-- DATA LISTING follows --
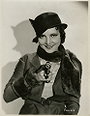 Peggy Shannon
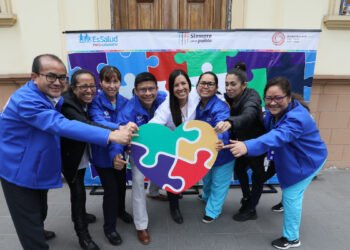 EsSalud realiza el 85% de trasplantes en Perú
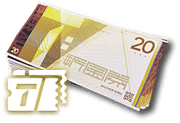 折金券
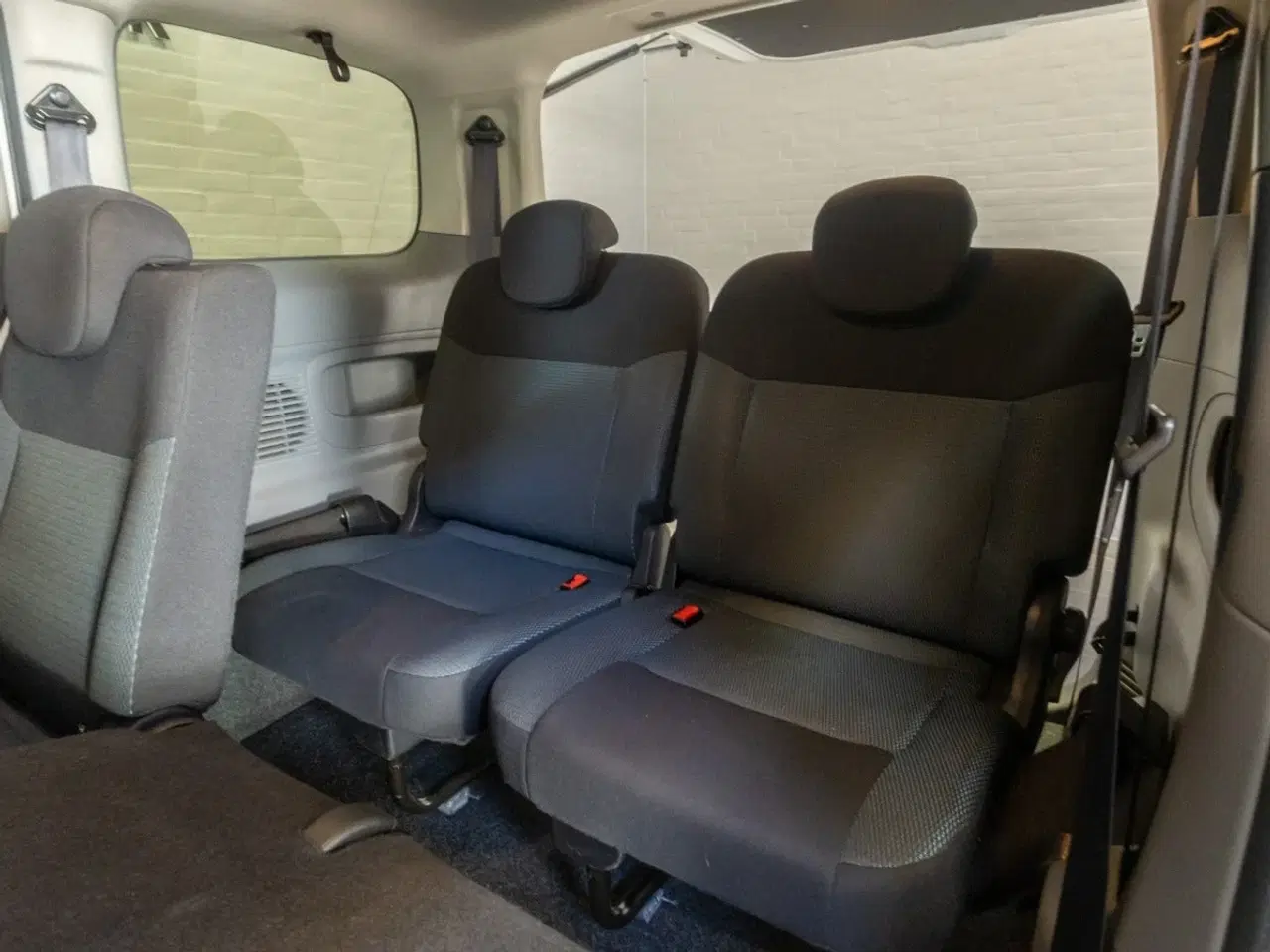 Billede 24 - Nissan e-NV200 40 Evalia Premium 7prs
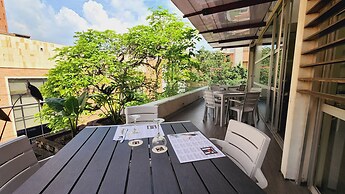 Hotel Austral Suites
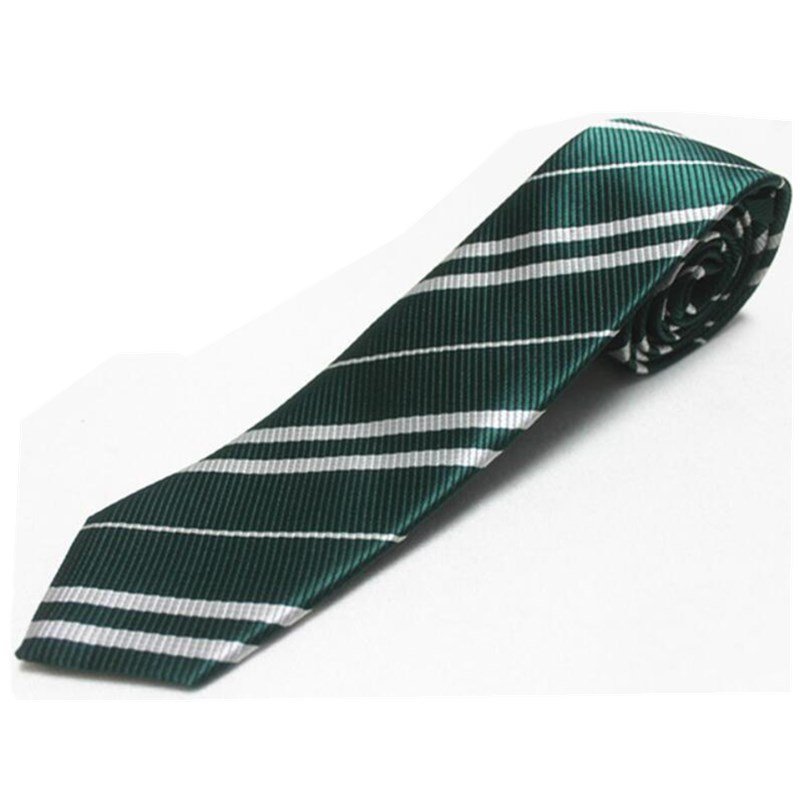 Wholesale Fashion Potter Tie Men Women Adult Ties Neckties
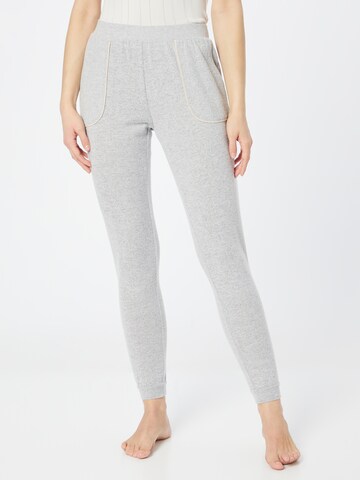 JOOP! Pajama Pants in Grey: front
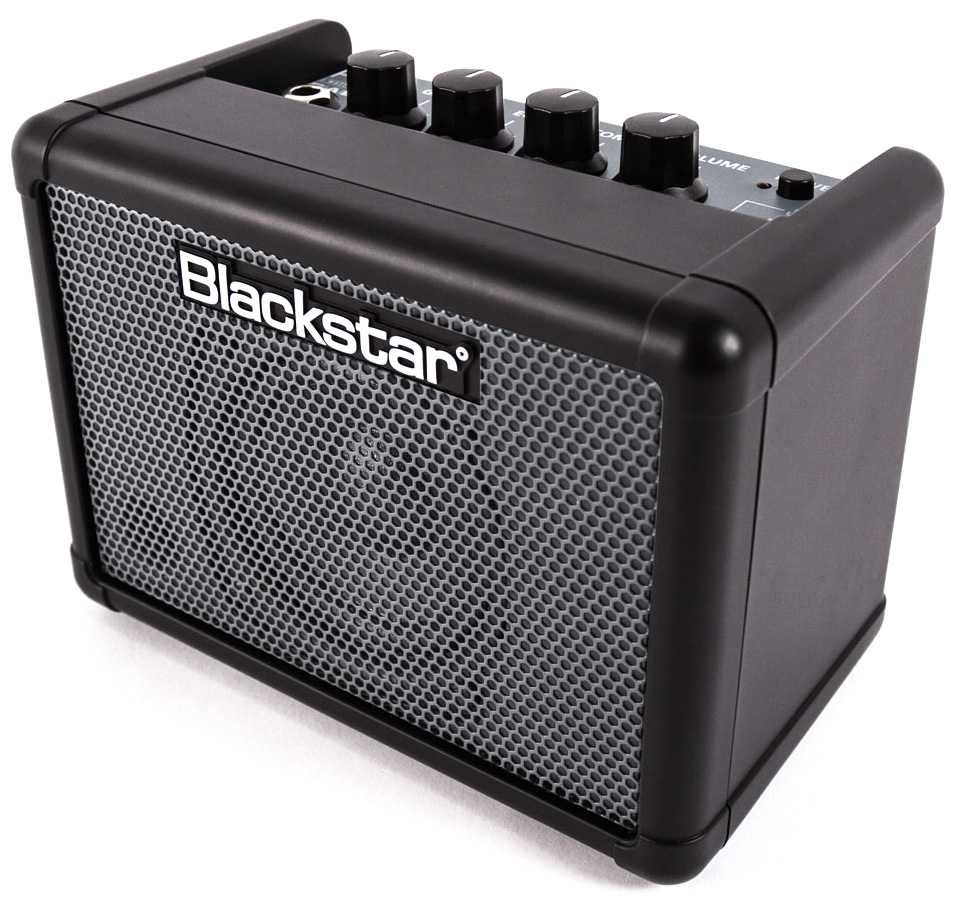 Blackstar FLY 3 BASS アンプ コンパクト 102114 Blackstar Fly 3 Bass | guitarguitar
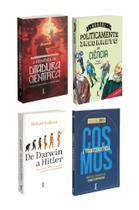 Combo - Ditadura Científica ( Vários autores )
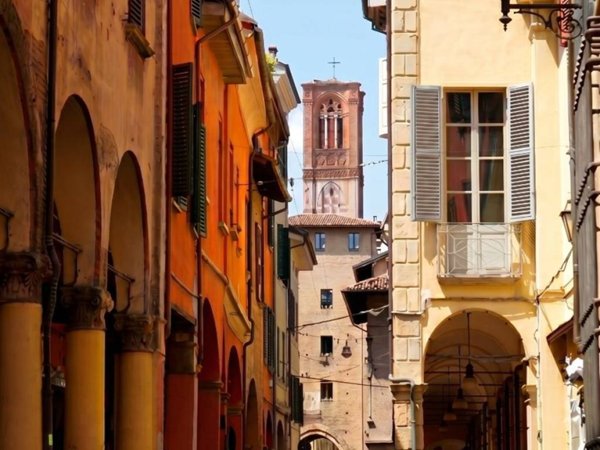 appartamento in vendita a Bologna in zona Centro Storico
-- DATA LISTING concluded --
DESCRIPTION OF THE TASK: Set down the entries above exactly; no pictures belong in the copy.

REPLY:
 Peggy Shannon
 EsSalud realiza el 85% de trasplantes en Perú
 折金券
 Billede 24 - Nissan e-NV200 40 Evalia Premium 7prs
 Hotel Austral Suites
 Wholesale Fashion Potter Tie Men Women Adult Ties Neckties
 JOOP! Pajama Pants in Grey: front
 Blackstar FLY 3 BASS アンプ コンパクト 102114 Blackstar Fly 3 Bass | guitarguitar
 Combo - Ditadura Científica ( Vários autores )
 appartamento in vendita a Bologna in zona Centro Storico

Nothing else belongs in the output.